Department of Surgery and Transplantation, Rigshospitalet, Copenhagen University Hospital, Copenhagen, Denmark; and.
Department of Orthopaedic Surgery, Trauma section, Rigshospitalet, Copenhagen University Hospital, Copenhagen, Denmark.
J Orthop Trauma. 2023 Mar 1;37(3):122-129. doi: 10.1097/BOT.0000000000002506.
To assess the incidence, risk factors, and clinical outcomes of Ogilvie syndrome (OS) in patients with pelvic and/or acetabular fractures.
Retrospective cohort study.
Level 1 trauma center.
One thousand sixty patients with pelvic and/or acetabular fractures treated at Rigshospitalet, Copenhagen, between 2009 and 2020.
Interventions comprised the treatment of pelvic and/or acetabular fractures with emergency external and/or internal fixation.
Outcomes included diagnosis of OS, perioperative complications, ICU stay and length, length of admission, and mortality.
We identified 1060 patients with pelvic and/or acetabular fractures. Of these, 25 patients were diagnosed with OS perioperatively, corresponding to incidences of 1.6%, 2.7%, and 2.6% for acetabular, pelvic, and combined fractures, respectively. Risk factors included congestive heart failure, diabetes, concomitant traumatic lesions, head trauma, fractures of the cranial vault and/or basal skull, retroperitoneal hematomas and spinal cord injuries, and emergency internal fixation and extraperitoneal packing. Six (24%) patients underwent laparotomy, and all patients had ischemia or perforation of the cecum for which right hemicolectomy was performed.
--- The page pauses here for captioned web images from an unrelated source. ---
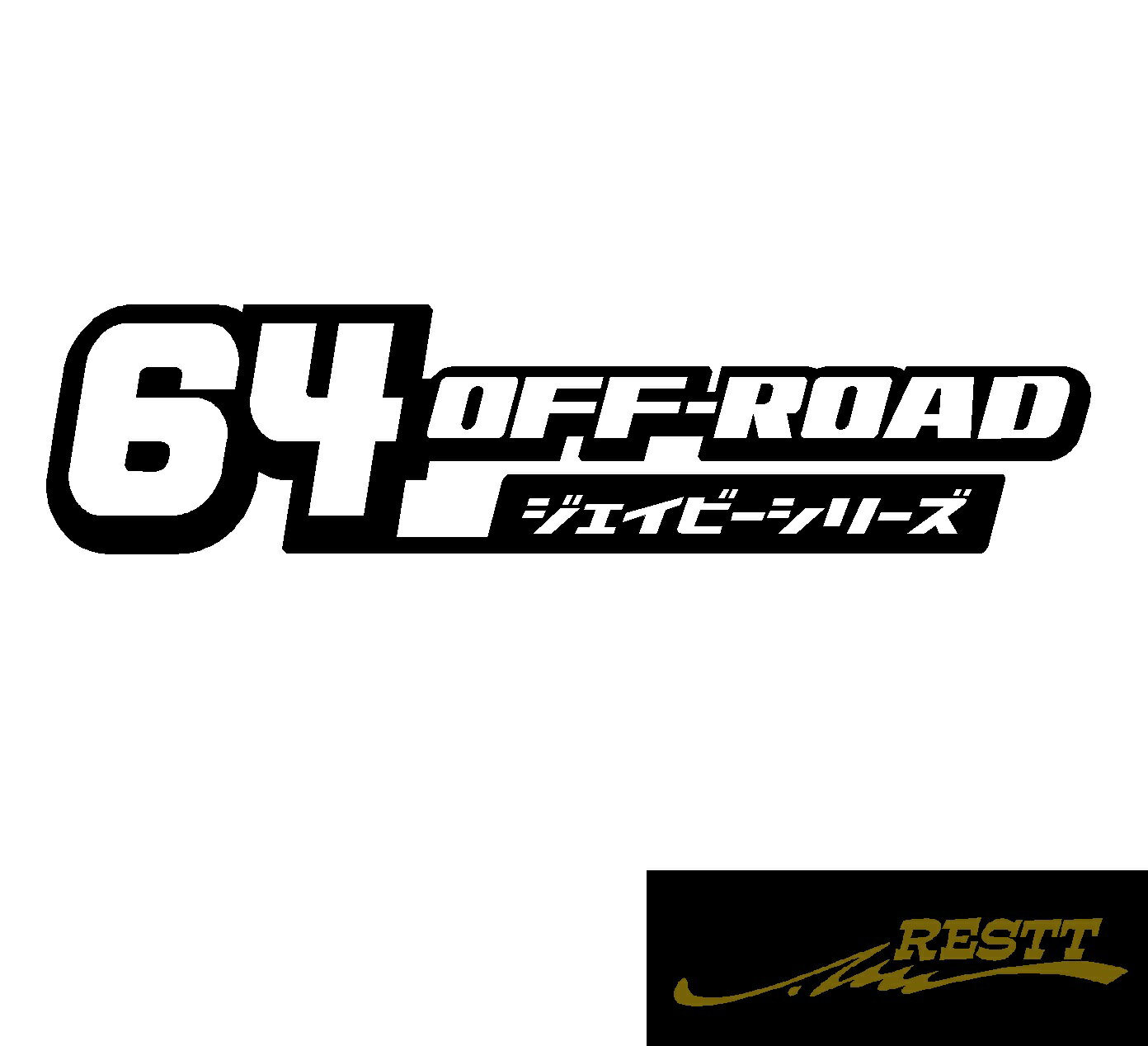 ジムニー ジェイエー ジェイビー シリーズ ロゴ カッティングステッカー 中サイズ JB64 JB23 JA22 JA12 おしゃれ デザイン かっこいい ステッカー スズキ SUZUKI 鈴木 鈴菌 ウイルス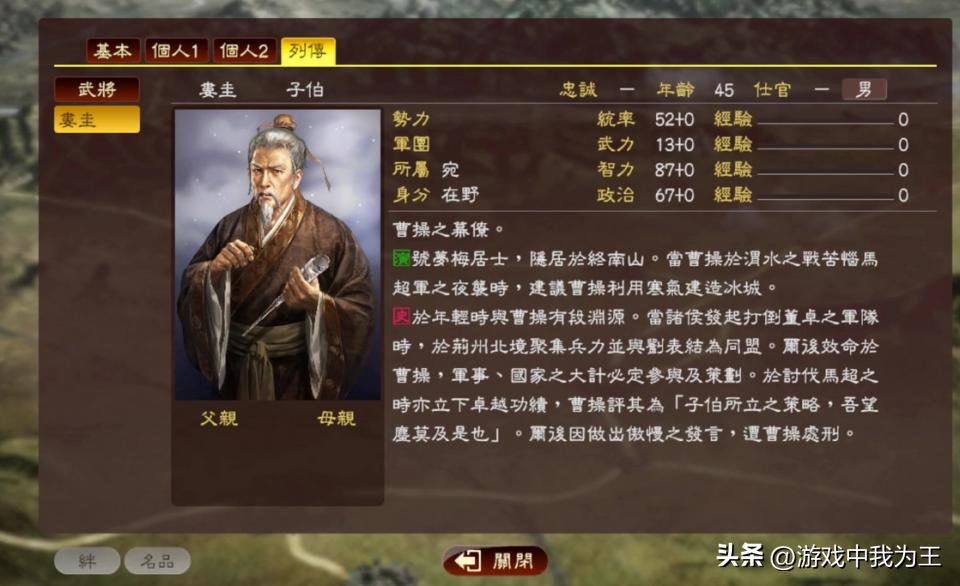 三国志9最好玩的版本,三国志9最好玩的剧情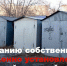 Гаражи - Город Ленск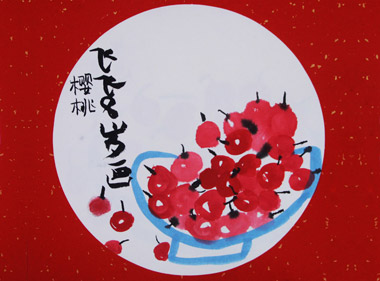 櫻桃-國畫基礎班-2015年10月11日學生作品-新起點畫苑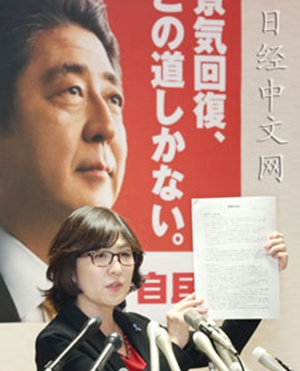 日本自民党本月25日公布政权公约。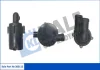 Насос водяной (дополнительный) Skoda Octavia II (09-)/VW Passat (06-), Tiguan (1 Kale 360115 (фото 1)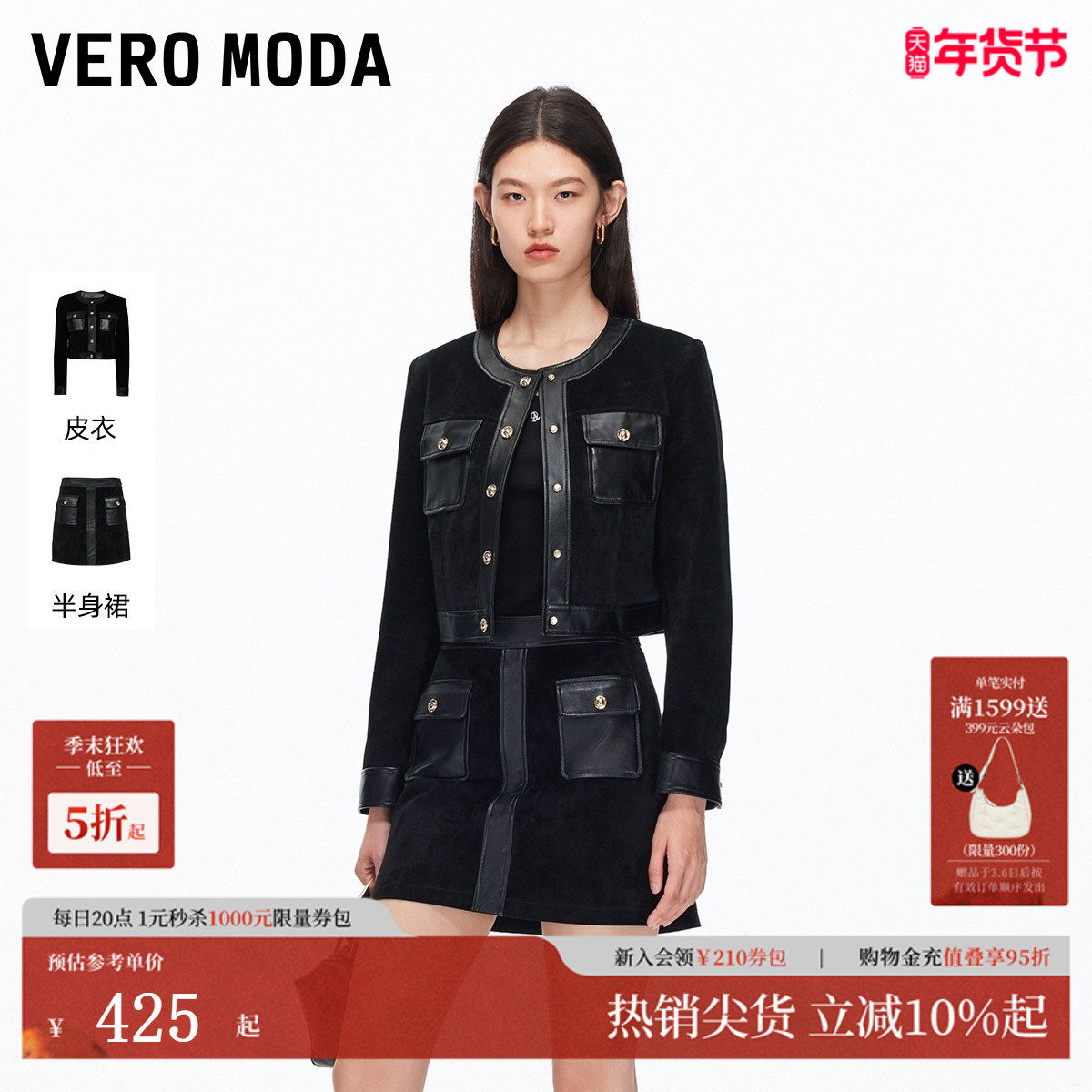 Vero Moda套装女2025秋季新款圆领拼接短款皮衣A字皮裙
Ogilvie syndrome was associated with a significant increase in nosocomial infections, sepsis, pulmonary embolism, ICU stay, and prolonged hospital admission.
Ogilvie syndrome in patients with pelvic and/or acetabular fractures is associated with increased risk of perioperative complications and prolonged hospital and ICU stays, resulting in an increased risk of morbidity and mortality.
Prognostic Level IV. See Instructions for Authors for a complete description of levels of evidence.
评估骨盆和/或髋臼骨折患者中奥吉尔维氏综合征(OS)的发生率、风险因素和临床转归。
回顾性队列研究。
1 级创伤中心。
2009 年至 2020 年在哥本哈根 Rigshospitalet 接受骨盆和/或髋臼骨折治疗的 1060 例患者。
干预措施包括对骨盆和/或髋臼骨折进行紧急外部和/或内部固定。
结局包括 OS 的诊断、围手术期并发症、重症监护病房入住时间和长度、住院时间和死亡率。
我们共确定了 1060 例骨盆和/或髋臼骨折患者。其中,25 例患者在围手术期被诊断为 OS,分别对应髋臼、骨盆和联合骨折的发生率为 1.6%、2.7%和 2.6%。危险因素包括充血性心力衰竭、糖尿病、合并创伤性损伤、头部创伤、颅顶和/或颅底骨折、腹膜后血肿和脊髓损伤,以及紧急内固定和腹膜外填塞。6 例(24%)患者接受了剖腹手术,所有患者均发生盲肠缺血或穿孔,行右半结肠切除术。奥吉尔维氏综合征与医院获得性感染、脓毒症、肺栓塞、入住重症监护病房和住院时间延长的风险显著增加相关。
骨盆和/或髋臼骨折患者并发奥吉尔维氏综合征与围手术期并发症风险增加和住院及 ICU 入住时间延长相关,导致发病率和死亡率增加。
预后 IV 级。有关证据水平的完整描述,请参见作者说明。